The BRT scheme, operated by Primero Transport Services Ltd., began operation in November 2015 and has 434 buses on its fleet; and more than 2,000 staff.
It was gathered that the workers convened an emergency meeting at about 5.45a.m. at the loading station, after which they converged on the bus corridor and barricaded it. The protest was orderly.
Some of the workers lamented that their terms of service had been reversed, with salaries slashed from N60,000 to N45,000.
A driver, Mr. Julius Adejire, said: “We are still waiting for our July salaries. The funny thing is that as at Monday evening, we discovered that some other staffers, including the engineers and ground staff, have been receiving salaries alerts. Can we drive this bus on empty stomach?’’
Adejire said that apart from delayed salaries, the drivers wanted improved welfare and working conditions. He said: “The policy guiding our job is another issue; we are working like slaves because as a driver you cannot stop to ease yourself or have break time.
“We are supposed to be doing 40 hours in a week, but they cowed us into doing 48 hours with just one off day instead of two. “We have been tolerating them because we believe this is a new project that needs to be supported, but the situation is getting tougher.
“We don’t even know where we are heading; the buses are still new. Is it when the buses go bad that they will pay us? “In our appointment letter, they said we will receive N60,000 as basic salary and N20,000 as performance bonus.
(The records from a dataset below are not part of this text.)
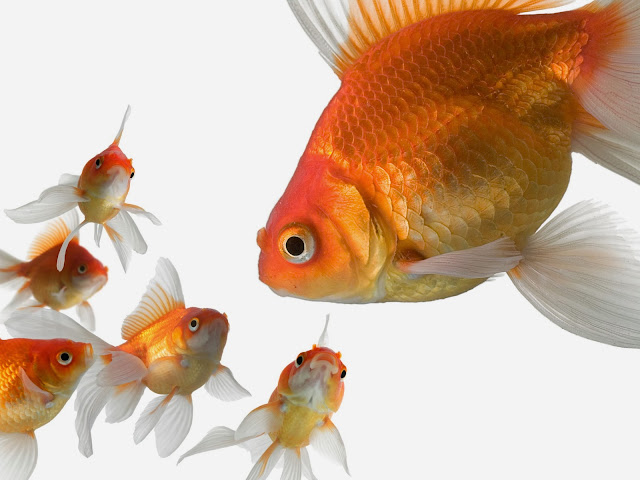 3D Amazing Gold Fish HD Wallpaper Free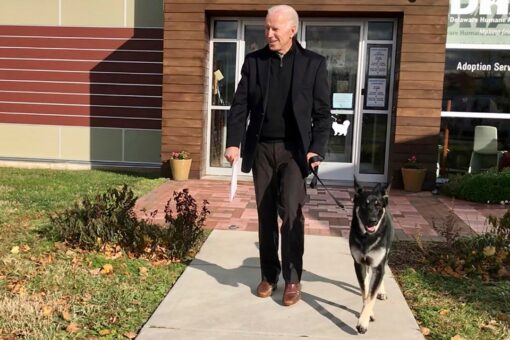 What to know about German shepherds after Major Biden’s ‘biting incident’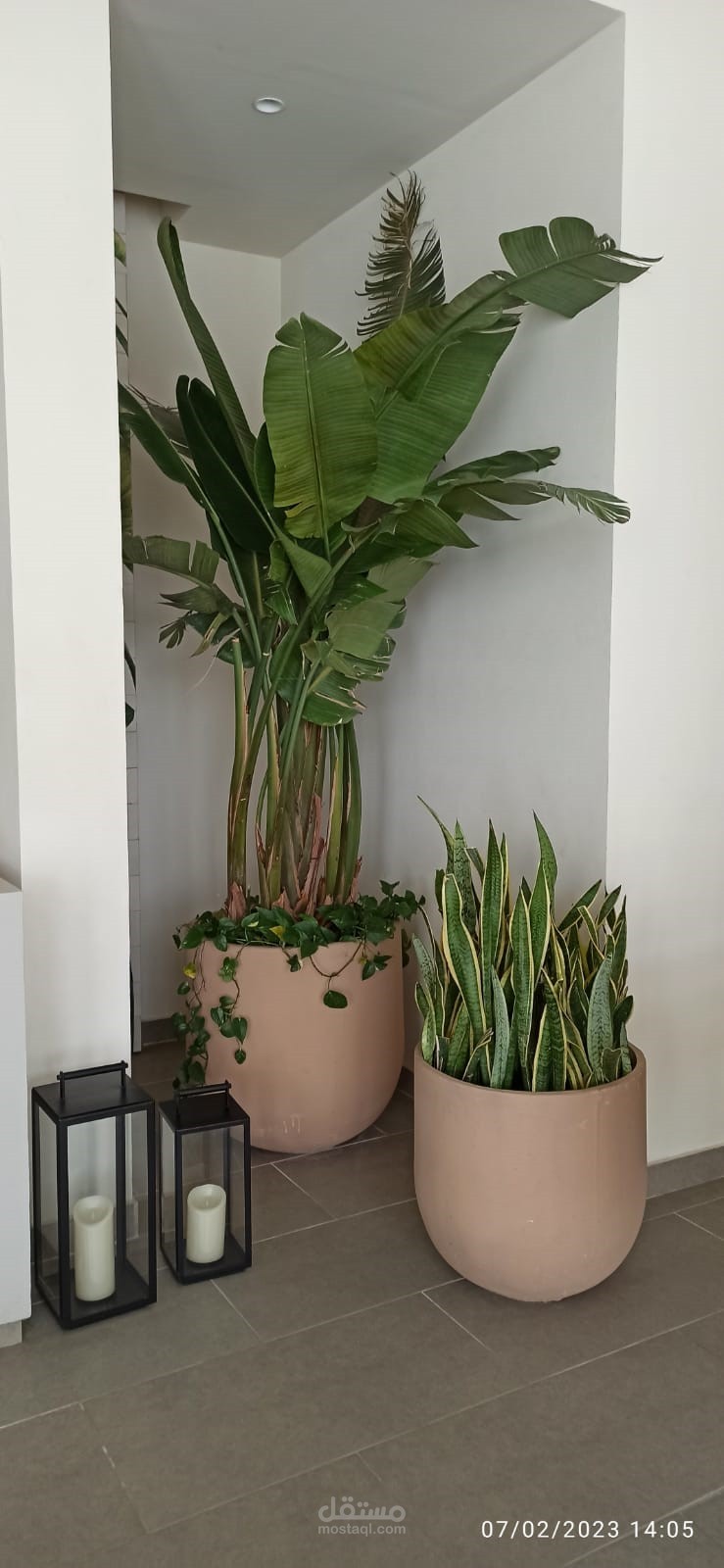 interior plants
After five months they changed it to N40,000 basic and N40,000 bonus with a lot of conditions.
“They are trying to instil discipline when there is no staff bus or accommodation arrangement for drivers who come from as far as Sango-Ota, Badagry and Agbara.”
He added that drivers, who could not afford to sleep on the bridge near the BRT bus shelter, pay N500 daily to sleep in a nearby church.